* Exercise: Search the entries below for "Snapshot", and copy each line where it appears.
==== Exercise inputs
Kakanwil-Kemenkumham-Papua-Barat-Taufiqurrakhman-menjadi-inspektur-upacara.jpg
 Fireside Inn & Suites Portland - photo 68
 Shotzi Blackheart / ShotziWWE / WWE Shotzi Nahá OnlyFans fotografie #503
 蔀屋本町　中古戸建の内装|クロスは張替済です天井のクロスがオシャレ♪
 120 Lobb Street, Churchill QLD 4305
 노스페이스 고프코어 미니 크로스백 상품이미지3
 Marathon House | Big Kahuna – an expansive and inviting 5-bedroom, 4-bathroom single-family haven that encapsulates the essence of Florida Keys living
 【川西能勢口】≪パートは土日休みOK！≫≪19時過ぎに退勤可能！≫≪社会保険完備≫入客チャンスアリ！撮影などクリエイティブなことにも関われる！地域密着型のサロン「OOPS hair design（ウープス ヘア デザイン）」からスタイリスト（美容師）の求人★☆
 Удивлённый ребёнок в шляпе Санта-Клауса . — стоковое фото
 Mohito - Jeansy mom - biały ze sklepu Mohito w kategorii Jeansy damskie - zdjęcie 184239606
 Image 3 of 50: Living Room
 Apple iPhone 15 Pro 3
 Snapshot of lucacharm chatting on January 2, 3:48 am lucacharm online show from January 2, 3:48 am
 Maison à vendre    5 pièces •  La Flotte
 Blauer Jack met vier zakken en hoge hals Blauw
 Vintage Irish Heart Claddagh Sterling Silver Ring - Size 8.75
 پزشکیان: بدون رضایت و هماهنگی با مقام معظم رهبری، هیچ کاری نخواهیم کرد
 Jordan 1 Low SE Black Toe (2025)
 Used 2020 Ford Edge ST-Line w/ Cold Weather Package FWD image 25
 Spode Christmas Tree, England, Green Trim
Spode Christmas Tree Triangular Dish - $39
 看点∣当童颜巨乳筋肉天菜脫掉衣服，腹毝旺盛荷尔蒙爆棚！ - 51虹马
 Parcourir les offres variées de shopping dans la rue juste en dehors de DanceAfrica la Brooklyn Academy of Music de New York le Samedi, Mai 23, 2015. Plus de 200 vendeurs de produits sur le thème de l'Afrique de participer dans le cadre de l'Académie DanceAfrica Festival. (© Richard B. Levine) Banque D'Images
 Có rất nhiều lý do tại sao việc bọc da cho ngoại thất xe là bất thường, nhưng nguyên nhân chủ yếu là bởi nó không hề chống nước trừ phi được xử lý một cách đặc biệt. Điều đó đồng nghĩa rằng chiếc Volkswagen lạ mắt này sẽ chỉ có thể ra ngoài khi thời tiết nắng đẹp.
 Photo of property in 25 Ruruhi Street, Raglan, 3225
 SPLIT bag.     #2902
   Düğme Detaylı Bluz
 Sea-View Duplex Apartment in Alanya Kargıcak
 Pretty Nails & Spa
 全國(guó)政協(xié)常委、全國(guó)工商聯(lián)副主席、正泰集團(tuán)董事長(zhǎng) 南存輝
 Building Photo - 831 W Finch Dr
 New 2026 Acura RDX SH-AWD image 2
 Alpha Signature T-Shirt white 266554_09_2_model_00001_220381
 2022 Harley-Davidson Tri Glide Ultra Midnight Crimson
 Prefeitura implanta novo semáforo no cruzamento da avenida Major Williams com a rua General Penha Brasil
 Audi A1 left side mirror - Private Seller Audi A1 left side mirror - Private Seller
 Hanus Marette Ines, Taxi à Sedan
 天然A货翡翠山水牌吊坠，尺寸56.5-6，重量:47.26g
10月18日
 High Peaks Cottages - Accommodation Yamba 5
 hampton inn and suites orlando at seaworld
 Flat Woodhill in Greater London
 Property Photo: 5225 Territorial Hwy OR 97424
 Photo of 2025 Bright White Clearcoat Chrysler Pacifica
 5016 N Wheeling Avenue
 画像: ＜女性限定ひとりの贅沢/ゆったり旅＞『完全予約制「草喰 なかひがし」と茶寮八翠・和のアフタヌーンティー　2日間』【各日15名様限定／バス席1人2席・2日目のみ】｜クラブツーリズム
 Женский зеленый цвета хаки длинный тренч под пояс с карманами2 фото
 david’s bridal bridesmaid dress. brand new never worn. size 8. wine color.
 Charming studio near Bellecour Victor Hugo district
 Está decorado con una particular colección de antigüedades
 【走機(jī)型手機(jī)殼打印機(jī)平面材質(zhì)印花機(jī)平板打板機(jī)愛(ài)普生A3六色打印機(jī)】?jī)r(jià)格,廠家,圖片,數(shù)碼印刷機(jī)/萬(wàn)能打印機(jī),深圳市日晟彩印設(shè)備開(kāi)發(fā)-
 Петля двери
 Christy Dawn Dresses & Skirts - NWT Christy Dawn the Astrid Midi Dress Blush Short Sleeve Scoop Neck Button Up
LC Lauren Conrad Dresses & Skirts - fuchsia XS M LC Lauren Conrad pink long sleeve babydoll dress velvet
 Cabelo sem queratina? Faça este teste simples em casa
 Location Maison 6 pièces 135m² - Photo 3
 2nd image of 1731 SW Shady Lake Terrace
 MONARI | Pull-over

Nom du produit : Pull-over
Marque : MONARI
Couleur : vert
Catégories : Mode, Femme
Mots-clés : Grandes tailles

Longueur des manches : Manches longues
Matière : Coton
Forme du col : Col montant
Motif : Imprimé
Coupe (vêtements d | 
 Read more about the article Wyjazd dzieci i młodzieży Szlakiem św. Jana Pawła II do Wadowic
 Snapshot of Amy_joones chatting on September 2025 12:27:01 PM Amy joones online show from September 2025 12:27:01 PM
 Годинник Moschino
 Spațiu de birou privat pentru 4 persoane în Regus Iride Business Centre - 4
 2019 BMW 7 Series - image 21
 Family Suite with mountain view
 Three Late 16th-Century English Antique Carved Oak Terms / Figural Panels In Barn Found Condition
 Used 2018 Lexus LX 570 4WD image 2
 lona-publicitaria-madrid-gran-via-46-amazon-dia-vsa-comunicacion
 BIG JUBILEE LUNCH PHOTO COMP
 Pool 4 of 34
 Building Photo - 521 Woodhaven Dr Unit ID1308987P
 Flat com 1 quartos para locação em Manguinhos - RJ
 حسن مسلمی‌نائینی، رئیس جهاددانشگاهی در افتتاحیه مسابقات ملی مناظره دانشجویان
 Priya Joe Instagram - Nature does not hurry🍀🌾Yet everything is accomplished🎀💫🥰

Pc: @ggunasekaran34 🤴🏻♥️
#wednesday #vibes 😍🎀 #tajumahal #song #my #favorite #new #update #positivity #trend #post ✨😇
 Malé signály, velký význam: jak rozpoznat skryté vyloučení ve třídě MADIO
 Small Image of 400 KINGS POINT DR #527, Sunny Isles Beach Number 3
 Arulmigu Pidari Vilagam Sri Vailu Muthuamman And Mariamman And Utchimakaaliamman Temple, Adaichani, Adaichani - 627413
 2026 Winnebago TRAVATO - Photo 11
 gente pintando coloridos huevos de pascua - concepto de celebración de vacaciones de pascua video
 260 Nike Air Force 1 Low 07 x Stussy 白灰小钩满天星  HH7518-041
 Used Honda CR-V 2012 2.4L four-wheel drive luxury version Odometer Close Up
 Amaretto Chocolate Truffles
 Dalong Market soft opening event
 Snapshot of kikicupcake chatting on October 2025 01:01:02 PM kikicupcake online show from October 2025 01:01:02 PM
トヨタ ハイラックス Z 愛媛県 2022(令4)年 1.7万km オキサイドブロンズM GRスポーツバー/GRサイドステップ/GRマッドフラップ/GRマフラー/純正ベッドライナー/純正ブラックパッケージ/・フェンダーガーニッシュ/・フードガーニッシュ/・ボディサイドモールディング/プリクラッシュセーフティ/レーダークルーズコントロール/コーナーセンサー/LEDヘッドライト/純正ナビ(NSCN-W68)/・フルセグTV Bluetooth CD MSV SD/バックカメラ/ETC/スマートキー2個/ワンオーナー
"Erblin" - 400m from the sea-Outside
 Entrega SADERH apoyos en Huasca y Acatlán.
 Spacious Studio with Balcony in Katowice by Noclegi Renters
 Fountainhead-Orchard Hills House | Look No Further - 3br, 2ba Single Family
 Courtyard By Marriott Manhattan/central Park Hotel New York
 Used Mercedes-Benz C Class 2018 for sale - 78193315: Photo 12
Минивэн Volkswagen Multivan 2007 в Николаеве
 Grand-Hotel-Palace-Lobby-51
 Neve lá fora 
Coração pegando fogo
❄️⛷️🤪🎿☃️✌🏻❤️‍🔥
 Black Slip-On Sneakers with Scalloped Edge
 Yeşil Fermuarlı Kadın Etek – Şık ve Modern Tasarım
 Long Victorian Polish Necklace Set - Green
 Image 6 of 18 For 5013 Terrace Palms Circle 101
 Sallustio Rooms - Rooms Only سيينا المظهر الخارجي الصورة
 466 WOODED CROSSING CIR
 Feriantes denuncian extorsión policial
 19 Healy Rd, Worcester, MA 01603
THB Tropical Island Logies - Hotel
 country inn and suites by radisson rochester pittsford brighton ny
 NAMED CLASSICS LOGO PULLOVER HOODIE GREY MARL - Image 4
========
* Response area:
 Snapshot of lucacharm chatting on January 2, 3:48 am lucacharm online show from January 2, 3:48 am
 Snapshot of Amy_joones chatting on September 2025 12:27:01 PM Amy joones online show from September 2025 12:27:01 PM
 Snapshot of kikicupcake chatting on October 2025 01:01:02 PM kikicupcake online show from October 2025 01:01:02 PM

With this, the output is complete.